Captioned web image data:
+++

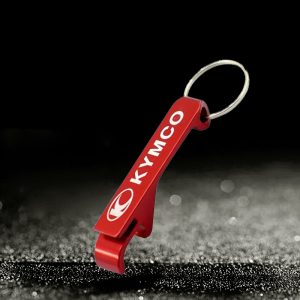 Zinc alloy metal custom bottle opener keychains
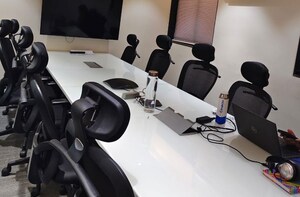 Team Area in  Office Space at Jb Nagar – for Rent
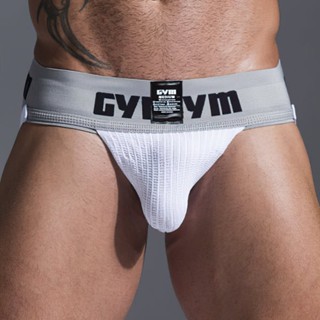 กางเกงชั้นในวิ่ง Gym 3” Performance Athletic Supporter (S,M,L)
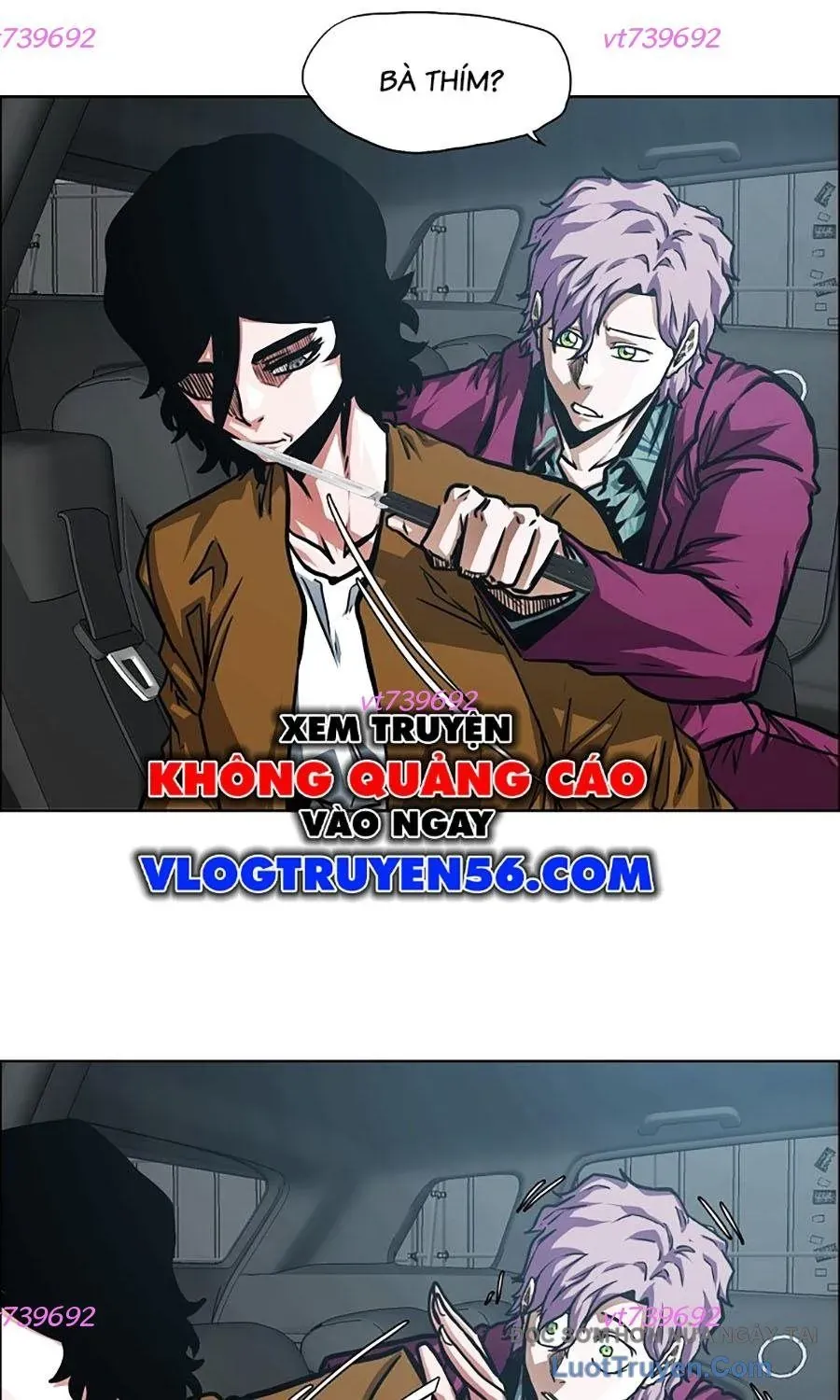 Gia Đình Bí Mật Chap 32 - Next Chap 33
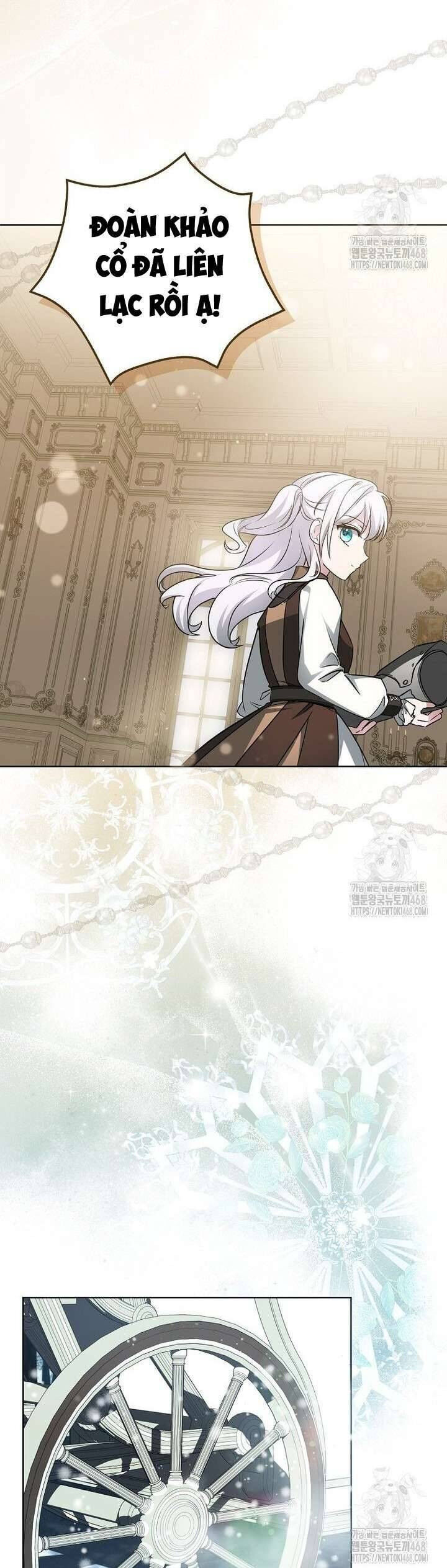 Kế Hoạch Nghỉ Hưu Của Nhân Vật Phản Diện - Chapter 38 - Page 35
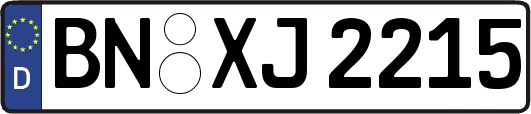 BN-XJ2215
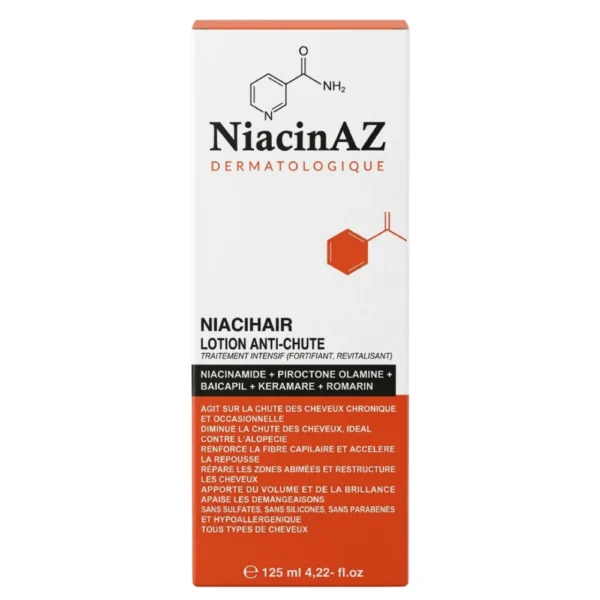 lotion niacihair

+++

Exercise brief: Line by line, write out the records above exactly, skipping the pictures.

Result of the task:
 Zinc alloy metal custom bottle opener keychains
 Team Area in  Office Space at Jb Nagar – for Rent
 กางเกงชั้นในวิ่ง Gym 3” Performance Athletic Supporter (S,M,L)
 Gia Đình Bí Mật Chap 32 - Next Chap 33
 Kế Hoạch Nghỉ Hưu Của Nhân Vật Phản Diện - Chapter 38 - Page 35
 BN-XJ2215
 lotion niacihair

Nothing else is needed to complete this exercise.